Deuxième dimanche de Pâques

Actes 5, 12-16 ; Apocalypse 1, 9-19 ; Jean 20, 19-31

 

Les lectures qui commencent ce temps d’après Pâques nous invite à découvrir des figures de croyants. Tout d’abord, voici Pierre et les proches disciples tout auréolés, déjà considérés comme “hors sol“, guérisseurs, hommes à part. Il faudra par la suite que Pierre ramène ses auditeurs à plus de simplicité et de réserve : je ne suis qu’un homme dira-t-il à Corneille, à Césarée. Bref, ce que nous lisons aujourd’hui correspond au début d’une littérature de valorisation des premiers témoins. Saint Luc nous présente les débuts de l’annonce comme une épopée glorieuse où les disciples sont à l’image de leur maître, Jésus, parcourant villes et villages. En fait nous ne savons pas grand-chose des tout débuts, alors que la séparation entre Juifs et Chrétiens n’est pas encore effectuée.

 

La seconde lecture évoque l’auteur de l’Apocalypse. On a coutume de dire de c’est l’œuvre de Jean. C’est une parole rédigée pour soutenir les chrétiens alors qu’ils ont traversé diverses persécutions. Le livre de l’Apocalypse décrit moins le temps présent des premiers chrétiens que l’avenir de la nouvelle Jérusalem où ils habiteront, là où il n’y aura plus de larmes ni de guerre, ni de mort. Mais les chrétiens d’aujourd’hui oublient de lire la fin de l’Apocalypse, en particulier les paroles d’espérance, ainsi que la prière : Viens, Seigneur Jésus (Maranata).

 

L’évangile nous rappelle l’histoire de Thomas, celui qui n’était pas au Cénacle, celui qui ne croit que ce qu’il voit. La parole de témoignage des autres disciples ne le convainc pas. Il lui faut voir et toucher les blessures du crucifié pour qu’il croie. C’est à la suite du dialogue avec Jésus que survient cette affirmation de Jésus : “Parce que tu as vu tu crois ! Heureux ceux qui croient sans avoir vu”. La résurrection est objet de foi. On ne peut exiger des miracles pour obtenir le don de croire. S’il a été donné à quelques-uns de croire en la résurrection de Jésus.
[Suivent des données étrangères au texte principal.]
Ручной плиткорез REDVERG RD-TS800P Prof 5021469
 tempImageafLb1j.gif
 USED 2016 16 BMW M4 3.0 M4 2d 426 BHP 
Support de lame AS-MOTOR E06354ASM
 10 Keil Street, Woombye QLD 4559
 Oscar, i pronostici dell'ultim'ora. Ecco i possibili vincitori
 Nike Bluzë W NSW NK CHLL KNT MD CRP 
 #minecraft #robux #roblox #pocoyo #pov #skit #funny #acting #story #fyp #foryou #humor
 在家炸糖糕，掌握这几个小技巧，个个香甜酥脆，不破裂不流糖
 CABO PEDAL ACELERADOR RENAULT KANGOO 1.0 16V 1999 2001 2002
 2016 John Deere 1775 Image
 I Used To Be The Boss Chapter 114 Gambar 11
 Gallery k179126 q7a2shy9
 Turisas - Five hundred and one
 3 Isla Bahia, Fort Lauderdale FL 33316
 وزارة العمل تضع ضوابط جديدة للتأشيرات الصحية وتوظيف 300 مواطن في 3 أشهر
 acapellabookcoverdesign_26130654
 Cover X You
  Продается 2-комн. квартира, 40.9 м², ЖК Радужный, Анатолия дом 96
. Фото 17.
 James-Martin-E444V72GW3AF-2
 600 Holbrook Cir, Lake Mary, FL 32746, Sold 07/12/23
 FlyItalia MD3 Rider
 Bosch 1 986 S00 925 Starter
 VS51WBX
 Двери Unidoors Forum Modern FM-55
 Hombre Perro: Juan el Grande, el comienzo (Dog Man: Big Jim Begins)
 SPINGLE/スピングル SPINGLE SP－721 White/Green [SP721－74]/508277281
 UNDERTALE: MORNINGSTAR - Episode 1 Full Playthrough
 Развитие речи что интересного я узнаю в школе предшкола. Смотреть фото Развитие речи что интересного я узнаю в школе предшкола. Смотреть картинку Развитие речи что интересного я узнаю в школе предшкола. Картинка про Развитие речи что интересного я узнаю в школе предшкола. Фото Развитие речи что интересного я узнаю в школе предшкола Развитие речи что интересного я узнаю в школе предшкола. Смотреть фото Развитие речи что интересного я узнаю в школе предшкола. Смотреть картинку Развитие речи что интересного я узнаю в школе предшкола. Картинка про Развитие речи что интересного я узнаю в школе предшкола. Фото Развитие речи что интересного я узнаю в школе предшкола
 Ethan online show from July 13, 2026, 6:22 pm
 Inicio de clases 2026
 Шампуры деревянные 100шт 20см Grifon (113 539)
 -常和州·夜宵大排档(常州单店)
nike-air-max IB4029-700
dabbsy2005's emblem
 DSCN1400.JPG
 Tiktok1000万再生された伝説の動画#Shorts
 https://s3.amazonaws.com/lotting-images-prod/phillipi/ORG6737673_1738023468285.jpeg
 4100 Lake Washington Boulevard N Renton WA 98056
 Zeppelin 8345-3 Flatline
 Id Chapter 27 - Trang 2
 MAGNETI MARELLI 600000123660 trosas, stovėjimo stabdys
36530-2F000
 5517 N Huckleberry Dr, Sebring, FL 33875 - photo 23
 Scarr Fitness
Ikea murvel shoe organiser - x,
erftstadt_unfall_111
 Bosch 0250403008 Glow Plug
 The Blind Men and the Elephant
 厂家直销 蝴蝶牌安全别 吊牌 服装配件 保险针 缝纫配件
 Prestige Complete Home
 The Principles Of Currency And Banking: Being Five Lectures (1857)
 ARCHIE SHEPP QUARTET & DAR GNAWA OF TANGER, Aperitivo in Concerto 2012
La foule des croyants est celle qui a cru aux merveilles de Dieu, un Dieu qui donne la vie et non la mort. Quand nous pensons à Colombo et au Sri Lanka, de quel Dieu sont témoins ces islamistes, sinon un Dieu de mort. Ce n’est pas le Dieu des chrétiens. Déjà dans la toute première partie de la Bible, avant même Abraham, Dieu refuse la vengeance, la vengeance de ceux qui voudraient tuer Caïn. Un signe est posé sur lui par le Dieu de la Bible pour le protéger.

 

La résurrection du Christ est une manière d’affirmer que la mort ne peut pas avoir le dernier mot. Comment pouvons-nous entendre cette autre parole dans l’Evangile :“La paix soit avec vous !” Salam aleikoum. Dans la langue de Jésus comme dans celle de l’Islam, c’est la même expression : Salam. Faut-il donc que les islamistes aient oublié Dieu qu’ils aient ainsi osé enlever la vie à des centaines d’hommes, de femmes et d’enfant en ce jour où l’on fête Pâques, la Résurrection. Il serait temps que les prédicateurs de l’Islam rectifient l’enseignement de mort qui a été décrété par les descendants du prophète. Il y a quelques semaines, le pape François se rendait au Maroc ; quelques semaines auparavant il s’était rendu en Arabie Saoudite. Quand donc le dialogue deviendra-t-il un dialogue pour donner la vie ? EH.